The survey is conducted in 15 nations and also investigated which international news stories people had heard about. Over 90 percent of people in each country has heard about the Avian flu. That is an astounding figure — nearly everyone! Now compare that high figure to the survey’s other finding that a mere 28 percent of people in Indonesia and 23 percent in India have heard about the Abu Ghraib/Guantanamo prison abuses. And think about this — only 76 percent of U.S. citizens have heard about the prison abuses compared to nearly 90% in Germany, France, Spain and Japan. What is wrong with this picture?
What really startled me was the Pew finding that global warming is not of major concern in the U.S. and China. Only about 20 percent of U.S. and Chinese citizens report that global warming is of great concern to them compared to approximately 66 percent of Japanese and Indian citizens. Considering all the advertising and messaging in the U.S. over gas emissions, carbon footprints and Al Gore’s new movie, An Inconvenient Truth, global warming is not penetrating the American mindset. The global climate change message is not having the impact that it should. Seems to me that it is time to change direction. What will it take?
Many questions that I do not know the answers to.
Found myself reading an article today about Intel in the Mercury News. The title was “Intel at Its Best in the Eye of the Storm” by Dean Takahsahi. He was making the point that some companies do best when their backs are against the wall. The idea that some companies are great comeback brands is compelling.
Intel, according to the writer, is a comeback brand. Now that competitor AMD is winning share and reputational equity, Intel’s management can’t help but see the storm clouds gathering. Intel’s comeback will be stepping on the accelerator and moving quickly to its next destination. Some companies call this dark phase “instilling a sense of urgency” or “a burning platform.” Whatever it takes to ignite the power internally and focus everyone on success. We have seen it before. Think Apple, P&G, Microsoft and others who have faced tough competition and unfavorable public opinion only to find themselves back on top.
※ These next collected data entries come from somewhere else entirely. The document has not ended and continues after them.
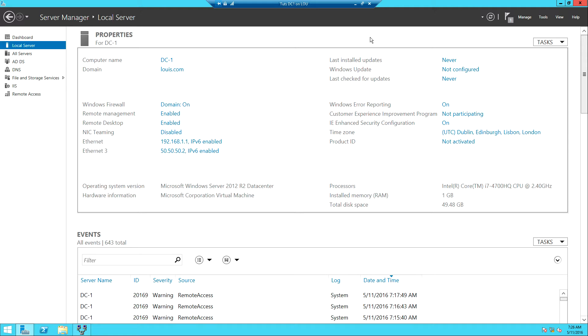Welcome back. In the previous video we installed remote access and configured routing and remote access. In this video we're going to look at how to make sure users can successfully log on to the server through VPN and connect to the network by configuring NPS.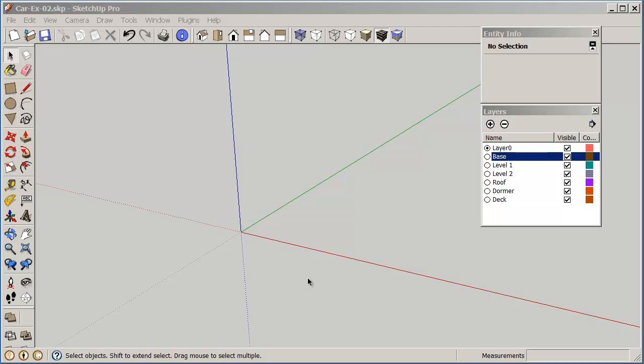To create the salt box house, we're going to use the rectangle command and the push pull, and we'll be adding some other things that are necessary to make it into a nice looking house.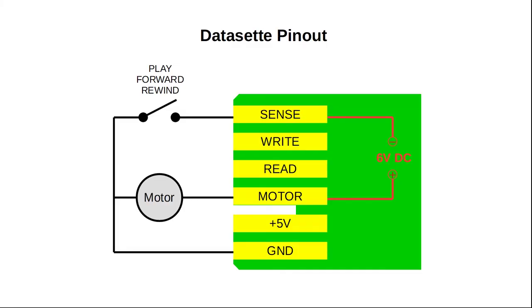Here is the pinout of the datasette connector. Our Arduino needs to provide 5V and ground, a read and a write line. For the cassette motor to spin, we also need to provide 6V DC to the motor pin. I am using a scrap power supply here.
Today’s New York Times covered Hillary Clinton’s strategy to recast her ill-conceived 1994 universal health coverage plan within a framework of Lessons Learned. Knowing that a presidential bid may well be in her future, the New York senator wisely put her own personal “spin” [I hate that word but it works here] on Hillary-gate. “A lot of people know that I was involved in health care back in ’93 and ’94, and I still have scars to show for it.” She also added, “We were trying to do something that was very hard to do, and we made a lot of mistakes.” As Times reporters’ Toner and Kornblut noted, Hillary is trying to show that she learned well from past experiences.
The Senator’s recovery strategy is smart. Hillary is couching her acknowledgement of the health care plan disaster within the context of the times. As in business, boards want to hire CEOs and top executives who have failed at some point in their careers. Failure is how executives learn to succeed and lead others. What company wants someone at the helm who has never suffered a setback and been forced to eat humble pie? Who wants another Chainsaw Al Dunlap in the corner office? Companies as well as governments need executives who learn to fail, not those who fail to learn.